Les préludes de l’abolition de l’esclavage

-18 décembre 1865 ? -Abolition de l’esclavage aux Etats-Unis, M’sieur ! Personne n’ignore cette date emblématique, mais qui en connait la genèse ? Car ce 13ème amendement n’est pas seulement le combat d’un homme : Abraham Lincoln ; c’est la victoire de tout un milieu, celui dont il est issu : les Quakers. Au nom de la Fraternité qu’ils ont érigé en idéal, ces puristes sont les premiers à avoir condamné la pratique de l’esclavage. Défiant la loi et les chasseurs d’esclaves, des générations puritaines se sont relayées pour porter le mouvement abolitionniste, cacher les esclaves en fuite, les aider à franchir la frontière pour rejoindre les terres libres du Canada… Les pages de ce roman historique restituent les dernières années de ce combat de longue haleine. Nous sommes en 1850, dans l’Ohio : dans quinze ans, sera ratifié l’amendement qui changera la face de l’Amérique, et pourtant rien ne laisse présager cette prochaine victoire des droits de l’homme dans cet Etat sillonné par les chasseurs d’esclaves où les hommes meurent pour avoir secouru…

*Qui sont les Quakers ? On nomme Quakers les membres d’une secte à tendance puritaine fondé en 1640 en Angleterre par George Fox. Leur nom officiel est la Société religieuse des Amis. Ils sont couramment appelés les « Quakers » (les trembleurs) en référence à la parole de l’écriture qui recommande au de trembler devant Dieu.
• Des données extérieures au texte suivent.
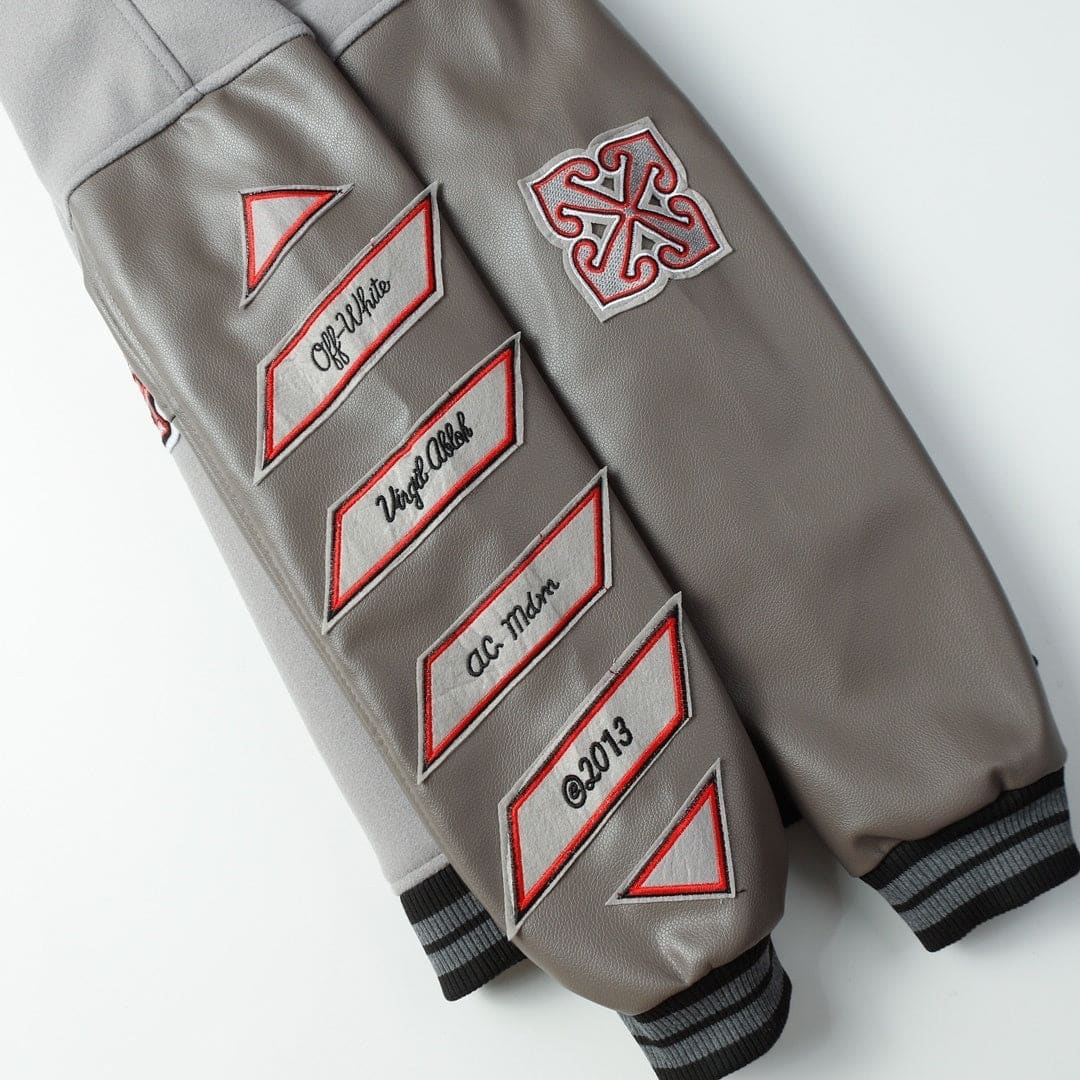 AC Milan Off-White Gray Varsity Wool Jacket | Banlieue91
Un « patchwork » littéraire

Le récit accorde une place étonnamment importante à un objet qui intrigue nos mentalités contemporaines : le patchwork ! Le roman s’ouvre par exemple d’ores et déjà sur l’évocation du patchwork de l’amitié qu’Honor vient de recevoir en cadeau de départ par ses proches de Bridport. Ce mot ne signifiait sans doute rien pour vous, et l’image qui y correspond ne vous évoque assurément rien d’autre qu’une couverture plus colorée que les autres. Eh bien détrompez-vous, prosaïques consommateurs : cet assemblage de morceaux de tissu peut aller bien au-delà de sa fonction utilitaire. Pour les femmes quakers, il représente ni plus ni moins le divertissement majeur de toute une vie: lorsqu’elles ont accompli leurs tâches ménagères ou assisté aux Réunions des Amis, les quakers ne bavardent pas, elles ne dessinent pas, ne jouent pas de musique… Elles cousent des patchworks ; comme c’est là l’unique instant où leur est concédé le droit de laisser libre cours fantaisiste, chaque patchwork concentre donc toute leur créativité, et donne lieu à de véritables petits chefs-d’œuvre sur lesquels s’attarde Tracy Chevalier. Objet de descriptions détaillées, ressources métaphoriques et enjeux de luttes entre les protagonistes, le patchwork s’impose tout aussi bien au cœur des passages descriptifs, poétiques ou narratifs du roman.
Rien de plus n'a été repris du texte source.